Deals get real: Butler joins Heat, Raptors wish Kawhi well


Toronto said farewell to Kawhi Leonard. Miami said hello to Jimmy Butler. The Lakers finally have Anthony Davis. Free agency became real Saturday.

The four-team trade that sent Butler to the Heat, with a new $142 million, four-year contract, was one of the first big moves to get done once the league's offseason moratorium ended. But many of the other massive moves, such as Leonard's signing with the Los Angeles Clippers and the trade to have Paul George join him, remained in the paperwork stage. There was no real worry about the pending transactions: Some deals, including a few that got agreed upon very quickly when the negotiating window opened June 30, simply needed to be slotted in a certain order to make the NBA's money rules work.

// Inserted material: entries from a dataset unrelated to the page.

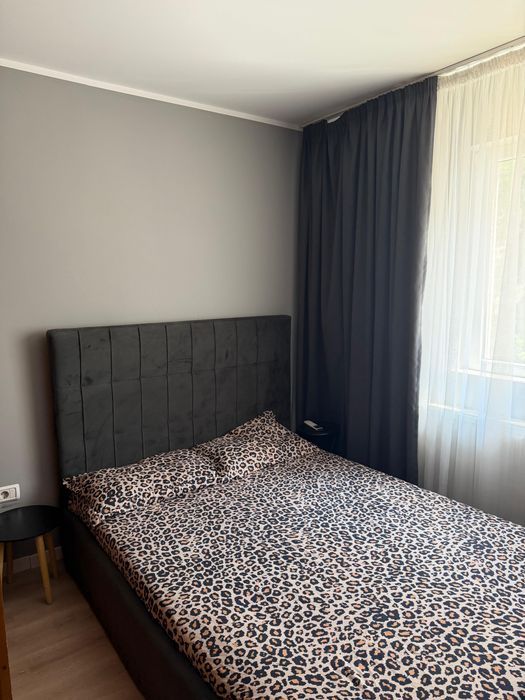 Proprietar – Închiriez garsonieră LUX, zona BIG, etaj 3/4, Centrală + AC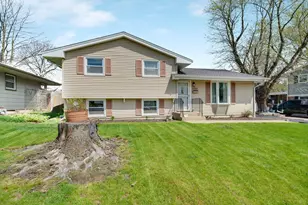 1611 Notre Dame Rd, Rockford, IL 61103 - Photo 1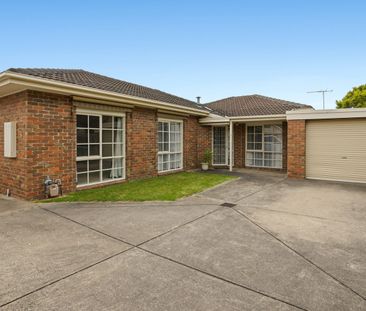 Only meters from the beach - Photo 2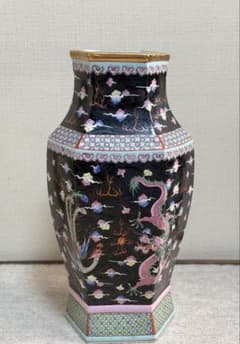 中国 大清乾隆年製銘 黒地粉彩龍鳳紋角瓶 右 高さ47.0cm 送料込み0106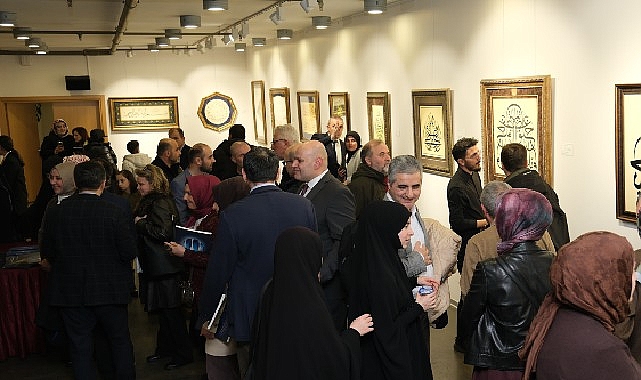 Turan Sevgili’nin Hat Sergisi 'Bir Hat Üzerinde 63. Yıl', Zeytinburnu Kültür Sanat’ta Açıldı! görseli
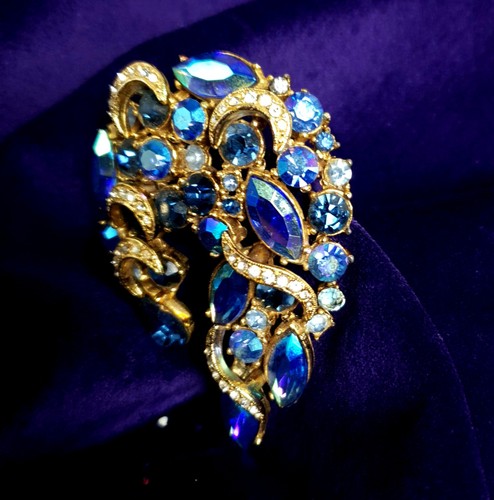 Vintage sphinx blue aurora - vintage,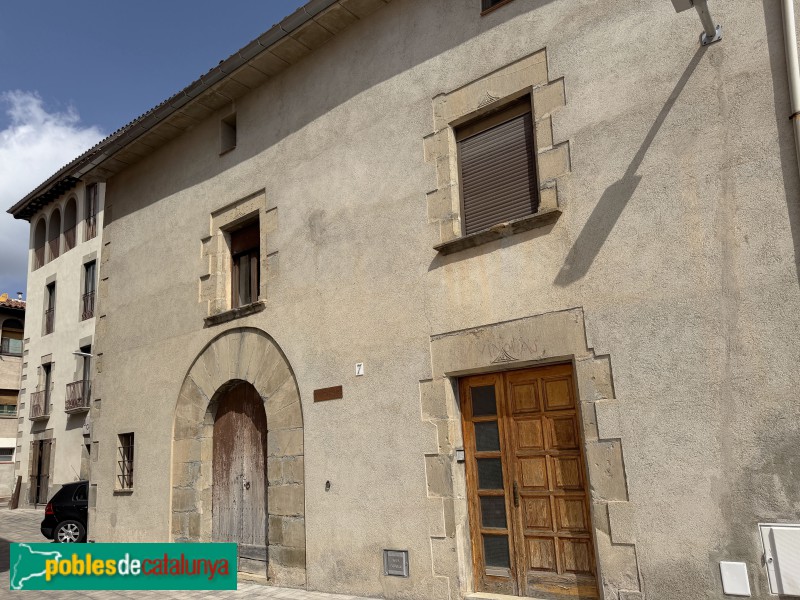 Sant Pere de Torelló - Cal Formaire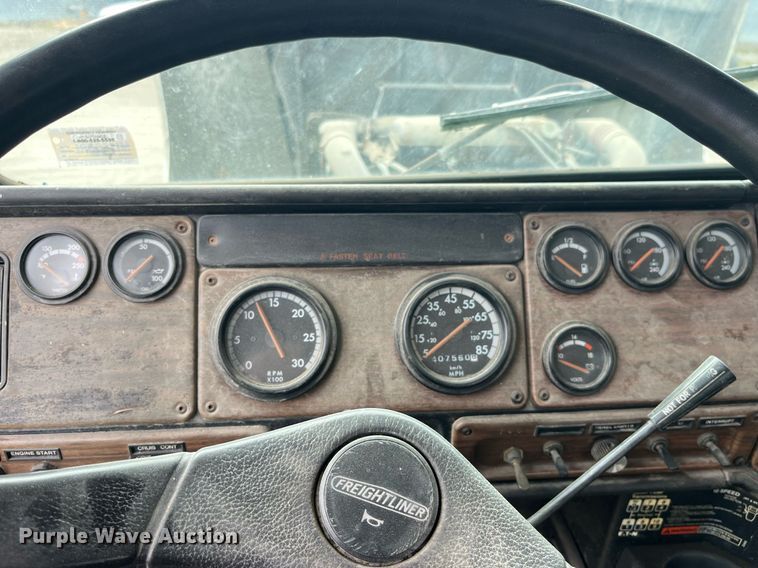 image for item LD9952 1994 Freightliner  FLD semi truck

"I think it's going to be a really exciting season," said Portland's Damian Lillard, who wasn't a free agent and won't be for a long time after signing a $196 million, four-year extension that could keep him with the Trail Blazers until 2025. "Obviously, it's exciting to see players change teams. You know people love that."

Not all people. Not always, anyway. Toronto awoke to the news Saturday that two starters from this past season's NBA champion Raptors, Leonard and Danny Green, were moving on. Leonard picked the Clippers and will sign a $142 million, four-year deal and George will be joining him in a massive trade that will send Danilo Gallinari, Shai Gilgeous-Alexander and five draft picks to Oklahoma City in a blockbuster deal that shook up both conferences. Green is joining the Lakers on a two-year deal.

"Teams are making moves to win now and that's obvious," said Heat forward Meyers Leonard, who left Portland and is part of the four-team Butler deal. "The Clippers, for example, they're in ‘win-now' mode. They played well last year in the playoffs. They go and get Kawhi and PG and all these other players. OKC has to be thinking, ‘OK, we just got a ton of draft picks.' So people are positioning themselves in different ways."